A few years ago there was a company advertising safe deposit boxes with extremely tight security and an equally extreme no-questions-asked policy. It will shock you to learn that it became very popular with criminals. In fact it became so popular that the company, not being completely blind despite its efforts, became complicit in criminal activity (or actually involved? whatever). The FBI and local law enforcement came down, armed with a search warrant that allowed them to nab all the safe deposit boxes and inventory their contents for the purpose of returning the same to their rightful owners. The warrant explicitly denied authorization to perform criminal search or seizure of the assets.

Morgan Freeman has informed me that they searched and seized the assets.

When some of the boxes' (non-criminal) renters sued over this, a district court inexplicably turned a blind eye to pretty blatant malfeasance and ruled against them. When it became clear that the owners were willing and able to appeal the government mysteriously decided to cave in and give their stuff back but by this time an organization called the Institute for Justice was taking on the burden of the appeal so the case continued (they also wanted the government to destroy or turn over records of the inventory seized (pictures of legal documents, etc.)).

The 9th circuit recently handed down a unanimous decision in favor of the plaintiffs that not only the government but also the district court did them dirty.

Juicy quotes:
"At oral argument, for example, the government failed to explain why applying the inventory exception to this case would not open the door to the kinds of "writs of assistance" the British authorities used prior to the Founding to conduct limitless searches of an individual's personal belongings. It was those very abuses of power, after all, that led to adoption of the Fourth Amendment in the first place."

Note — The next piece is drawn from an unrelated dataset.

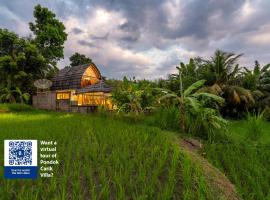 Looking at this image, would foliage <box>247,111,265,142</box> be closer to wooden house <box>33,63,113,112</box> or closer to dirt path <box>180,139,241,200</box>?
dirt path <box>180,139,241,200</box>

"Because the district court's own findings show that the FBI conducted a "criminal search and seizure of box contents," it abused its discretion in holding that the government did not exceed the scope of the warrant's terms. See Saucillo v. Peck, 25 F.4th 1118, 1129 (9th Cir. 2022). In addition, the district court abused its discretion in holding that the government did not exceed the bounds of the warrant in this case because it clearly erred in finding that the government was incapable of following its own standardized instructions."

"Because the district court's conclusion that the government was excused from following its standardized policy rested on its clearly erroneous finding that the government simply could not apply for warrants as to individual box holders, it abused its discretion in concluding that the government did not exceed the scope of the warrant for this reason as well."